TASK BRIEF
Look below for the line containing "laser eye effect 90s modernのイラスト素材"; from there through the line containing "GODS AND HEROES", both lines included, please set down each line exactly and nothing else.

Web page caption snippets
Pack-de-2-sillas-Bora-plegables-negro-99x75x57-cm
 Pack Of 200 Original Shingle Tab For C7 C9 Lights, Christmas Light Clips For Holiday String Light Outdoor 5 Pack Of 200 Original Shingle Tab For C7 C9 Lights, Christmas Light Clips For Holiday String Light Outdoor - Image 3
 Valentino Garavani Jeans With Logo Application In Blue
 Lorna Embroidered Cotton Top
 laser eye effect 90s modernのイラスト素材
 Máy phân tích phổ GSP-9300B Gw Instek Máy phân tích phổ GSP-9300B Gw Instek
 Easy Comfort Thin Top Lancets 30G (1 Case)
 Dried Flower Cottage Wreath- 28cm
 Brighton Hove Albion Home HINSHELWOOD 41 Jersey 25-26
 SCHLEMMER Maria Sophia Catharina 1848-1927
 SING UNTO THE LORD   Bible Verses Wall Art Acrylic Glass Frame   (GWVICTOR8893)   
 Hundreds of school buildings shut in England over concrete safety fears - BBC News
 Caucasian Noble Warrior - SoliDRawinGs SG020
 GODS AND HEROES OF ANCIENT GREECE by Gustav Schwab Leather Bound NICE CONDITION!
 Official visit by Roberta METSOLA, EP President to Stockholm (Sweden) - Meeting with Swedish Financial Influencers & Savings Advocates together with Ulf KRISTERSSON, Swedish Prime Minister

EXERCISE OUTPUT
 laser eye effect 90s modernのイラスト素材
 Máy phân tích phổ GSP-9300B Gw Instek Máy phân tích phổ GSP-9300B Gw Instek
 Easy Comfort Thin Top Lancets 30G (1 Case)
 Dried Flower Cottage Wreath- 28cm
 Brighton Hove Albion Home HINSHELWOOD 41 Jersey 25-26
 SCHLEMMER Maria Sophia Catharina 1848-1927
 SING UNTO THE LORD   Bible Verses Wall Art Acrylic Glass Frame   (GWVICTOR8893)   
 Hundreds of school buildings shut in England over concrete safety fears - BBC News
 Caucasian Noble Warrior - SoliDRawinGs SG020
 GODS AND HEROES OF ANCIENT GREECE by Gustav Schwab Leather Bound NICE CONDITION!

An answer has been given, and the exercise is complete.